Tribal Court issues four year sentence on heels of Tribal Law and Order Act

by Apr 18, 2013Front Page, NEWS ka-no-he-da0 comments

Russell McKinley Wolfe, 35, was convicted on Nov. 16, 2012, in the Cherokee Court for Domestic Violence Assault on a Female, Violation of a Domestic Violence Protective Order, Driving While Impaired, and Injuring Public Property.  He was sentenced to four years imprisonment.  The sentence, issued by the Honorable Kirk G. Saunooke, Cherokee Court Judge, was one of the longest sentences ever issued by the Cherokee Court and comes after the enactment of the Tribal Law and Order Act which authorized criminal sentences of greater than one year in tribal courts.

Since the sentence was handed down in Wolfe’s case, the Office of the Tribal Prosecutor, in conjunction with the Cherokee Court and Cherokee Police Department, worked together with the Federal Bureau of Prisons to authorize Wolfe’s sentence to be served in a Federal Detention Facility with the Bureau of Prisons.

Wolfe’s custodial transfer was completed on April 18, 2013.  Such a transfer was made possible by a pilot program created as part of the Tribal Law and Order Act in which tribes can apply to the Federal Bureau of Prisons to have their inmates serving active sentences of greater than two years transferred to Federal facilities.  The Eastern Band of Cherokee Indians is only the second tribe nationwide to take advantage of this pilot program and have an inmate transferred to federal custody.

The significance of this transfer is that the cost of incarceration for the duration of Wolfe’s sentence, which would have exceeded $65,000 for the EBCI, will now be borne by the federal government.  Further, Wolfe will now be exposed to the rehabilitation services abundant within the Federal Bureau of Prisons system, none of which would have been available had he remained in local confinement facilities through the EBCI’s current corrections system.

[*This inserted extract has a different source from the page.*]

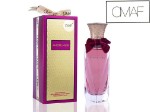 OMAF AMORE MUSK EDP 100 ML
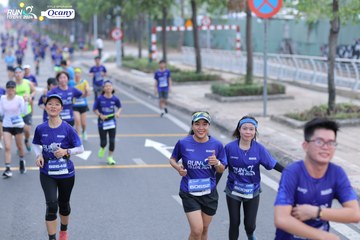 RUN TO LIVE 2024 - Ảnh #1434525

Tribal Prosecutor Jason Smith stated, “I want to thank Assistant Tribal Prosecutor Justin Eason, Cherokee Probation Officer John Nations, Chief Justice Bill Boyum, and the entire Corrections Division of the Cherokee Indian Police Department and Cherokee Court for their hard work and cooperation which made this transfer, the first of its kind in Cherokee and only the second nationwide, a possibility.  There was a tremendous amount of legwork and communication with Federal Bureau of Prison officials which was necessary to affect this transfer.  It is also important to note the hard work and dedication of the officers and detectives with the Cherokee Police Department including Officers James Powell, Nick Stephenson, Jamie Silvers, and Detective Sean Birchfield, who made these convictions possible.”